Why It Matters That Donald Trump Has No Inaugural Poet

Obama Inauguration
Elizabeth Alexander recites a poem during Barack Obama’s swearing-in ceremonies at the U.S. Capitol in Washington, D.C., Jan. 20, 2009.

Ron Edmonds/AP

After considerable effort, President-Elect Donald Trump managed to find a musician to serenade him at his upcoming inauguration. Elton John, Céline Dion, and even Trump’s old pal Paul Anka may have turned him down, but who needs them when the likes of Jackie Evancho, “America’s Got Talent” runner-up of 2010, are available for the job?

But had Trump shown interest in another lyric tradition from inaugurations past, he might have had even more trouble finding an artist to fulfill it. Unlike Barack Obama, Trump will not, as far as we know, consecrate his entrance to the nation’s highest office with the help of an inaugural poem.

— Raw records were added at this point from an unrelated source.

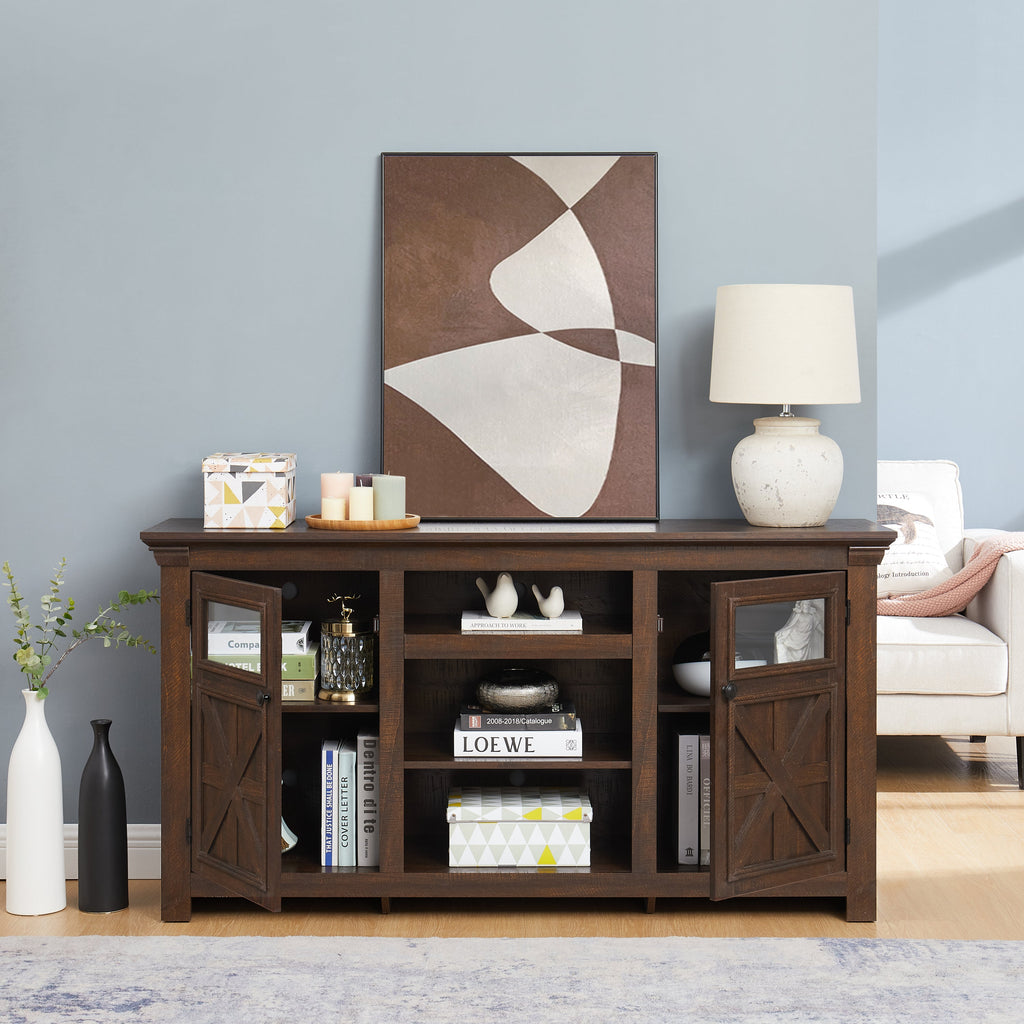 2 Doors Cabinet Farmhouse  Cabinet, Farmhouse TV Stand Barn Design,Modern Farmhouse TV Media Stand, Large Barn Inspired Home Entertainment Console,Espresso, 60.23'W*15.35'D*31.7'H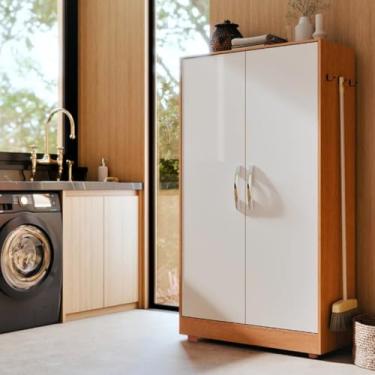 Imagem de Armário Multiuso de Lavanderia 2 Portas Organizador Moderno para Área de Serviço Cozinha (Nature - Off)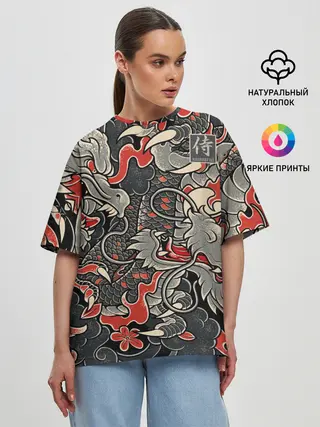 Женская футболка оверсайз / Самурай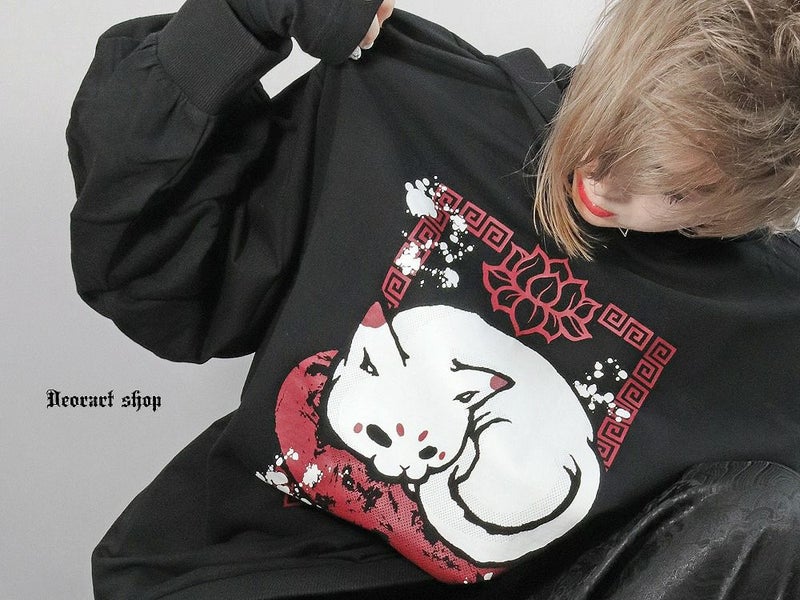 Deorart,ディオラート,地雷系,猫耳パーカー,ネコミミパーカー,猫柄,和柄,妖怪,招き猫,ケモ耳,フード,V系,emo,punk,rock,原宿 ,ゴシック,モード,ファッション,服,通販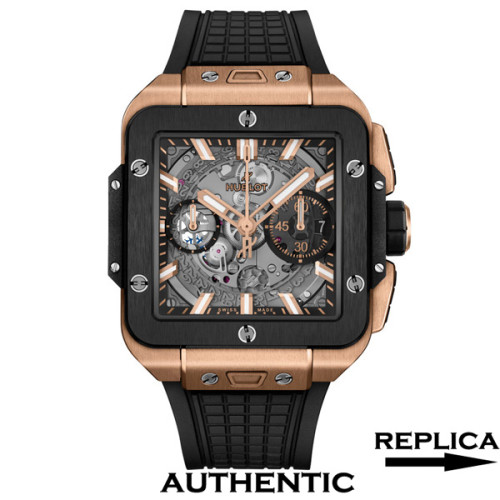 Super Clone Hublot Square Bang Unico Chronograph 18k Rose Gold Case Ceramic Bezel HB017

If the absence of a poet at this week’s ceremony symbolizes a literary gulf between Trump and Obama—who quoted June Jordan on the campaign trail and Harper Lee in his farewell address—it’s also not an unusual omission. Only three (and a half) presidents have asked poets to perform this service. The first was John F. Kennedy, who invited Robert Frost, in part as a thank-you for his vocal support. Frost famously wrote a new poem, “Dedication,” to honor the day but ended up reciting an old one, “The Gift Outright,” from memory: The sun glared so brightly off the freshly fallen snow on Jan. 20, 1961, that the 86-year-old Frost couldn’t discern the words he’d written on the page. The next president to mark the solemnity of the occasion with poetry was Jimmy Carter, who asked James Dickey to read not at the ceremony but at the gala following it in 1977. More recently, both of Bill Clinton’s inaugural ceremonies featured poets—Maya Angelou and Miller Williams—as did both of Obama’s, with Elizabeth Alexander contributing a poem in 2009 and Richard Blanco doing so in 2013. One assumes Hillary Clinton would have continued the custom.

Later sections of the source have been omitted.